Switching GBIF’s taxonomic backbone to the Catalogue of Life extended release (x-release) (GBIF technical support hour for nodes)

cecsve · October 14, 2024, 10:26am

Join us for the next session of the technical support hour for GBIF nodes on November 6th, 2024, at 4 pm CET (please note we are switching back to standard time), where the topic is “switching GBIF’s taxonomic backbone to the Catalogue of Life extended release (x-release)”.

Catalogue of Life is preparing an extended version of the Catalogue of Life Checklist which integrates additional taxonomic and nomenclatural data sources. This includes recently described species, additional synonyms, as well as other names originating from molecular and sequence registers.
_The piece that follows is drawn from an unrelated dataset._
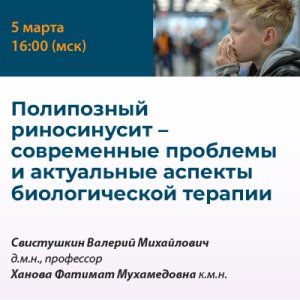 Вебинар «Полипозный риносинусит – современные проблемы и актуальные аспекты биологической терапии»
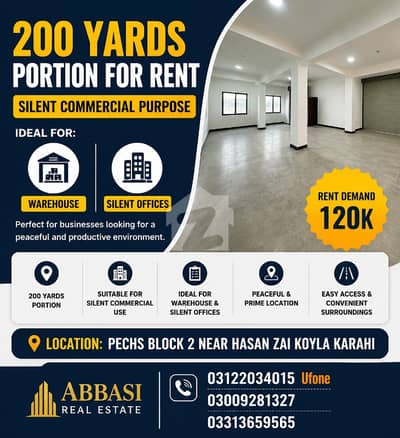 200 Yards Portion Rent For Silent Commercial Purpose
In this session, we are joined by Diana Hernández and Camila Plata from COL who will describe the progress and challenges they faced when constructing xrelease. They will also show the provenance of the selected taxonomic data sources and their relevance for closing data gaps to better represent endemic species, synonyms, and less-known taxa.

We will be happy to answer any question relating or not to the topic. Please feel free to post questions in advance in this thread or write to helpdesk@gbif.org.

larsgw · October 16, 2024, 10:49am

Is it possible to join this session if I am associated with a node?

cecsve · October 16, 2024, 11:25am

Yes, but we usually leave it to the discretion of the node to invite people associated with them. Could you coordinate with @nl-bif?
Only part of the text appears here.